## ACTION ITEM
The pictures in the listing below are to be skipped, while the lines between the line holding "十滴水对牛皮癣、真菌感染的适用性及银屑病预防建议" and the line holding "Nốt sần sùi", inclusive, are to be output exactly.

## INPUT FOR THIS TASK
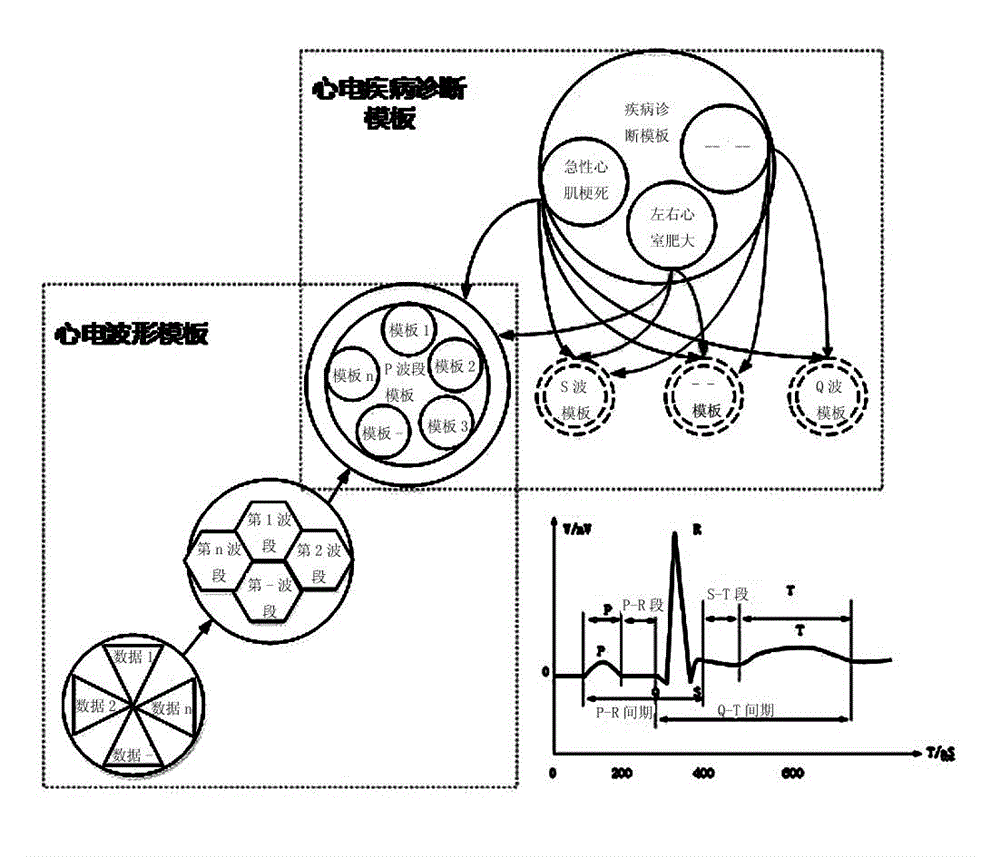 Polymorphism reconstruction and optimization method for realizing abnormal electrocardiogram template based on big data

* * *

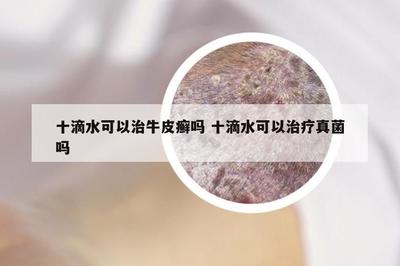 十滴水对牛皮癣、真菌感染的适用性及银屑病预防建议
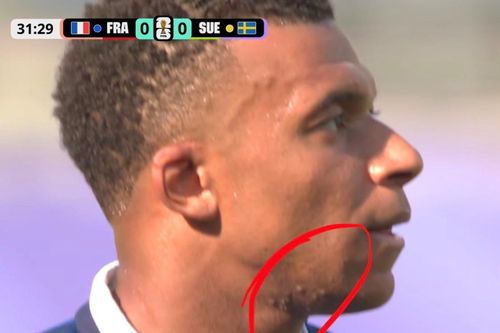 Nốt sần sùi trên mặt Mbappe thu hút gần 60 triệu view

## COMPLETED TASK
 十滴水对牛皮癣、真菌感染的适用性及银屑病预防建议
 Nốt sần sùi trên mặt Mbappe thu hút gần 60 triệu view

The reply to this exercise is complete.